Begin at the line containing "油浸泵引出线2.2-3千瓦QY水泵引出线耐油丁晴独1根水泵引线 纯铜" in the records below, end at the line containing "现货供应 ROYCE 64-5 NSNP", and retype each line in that span exactly. No other line and no image should appear.

BEGIN Given data

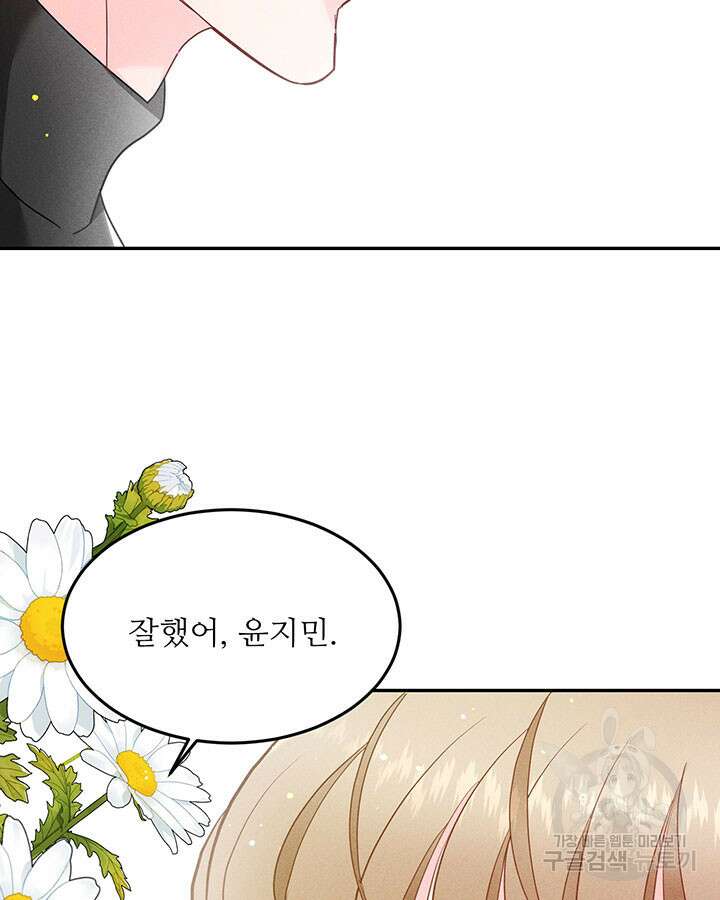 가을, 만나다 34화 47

END Given data
BEGIN Given data

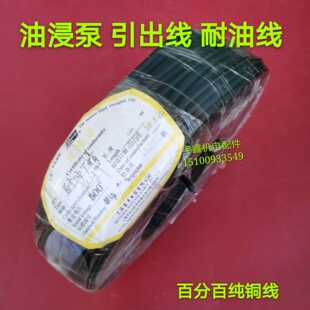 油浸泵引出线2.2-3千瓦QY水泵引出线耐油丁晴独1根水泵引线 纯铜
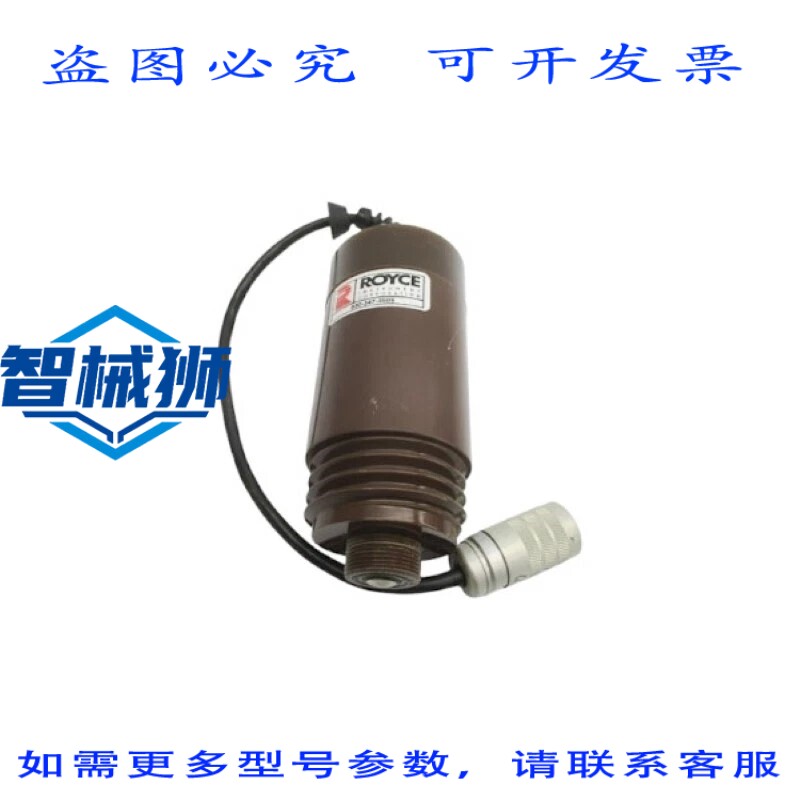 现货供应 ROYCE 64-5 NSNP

END Given data
BEGIN Given data

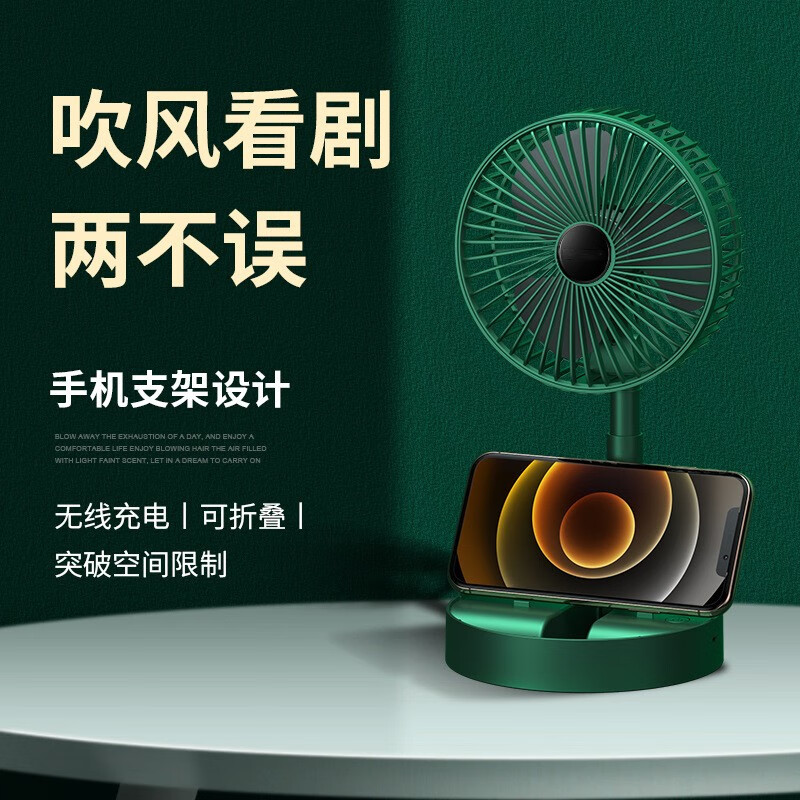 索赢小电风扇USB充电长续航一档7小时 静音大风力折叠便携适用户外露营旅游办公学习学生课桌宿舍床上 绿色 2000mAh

END Given data

- _Exercise response_:
 油浸泵引出线2.2-3千瓦QY水泵引出线耐油丁晴独1根水泵引线 纯铜
 现货供应 ROYCE 64-5 NSNP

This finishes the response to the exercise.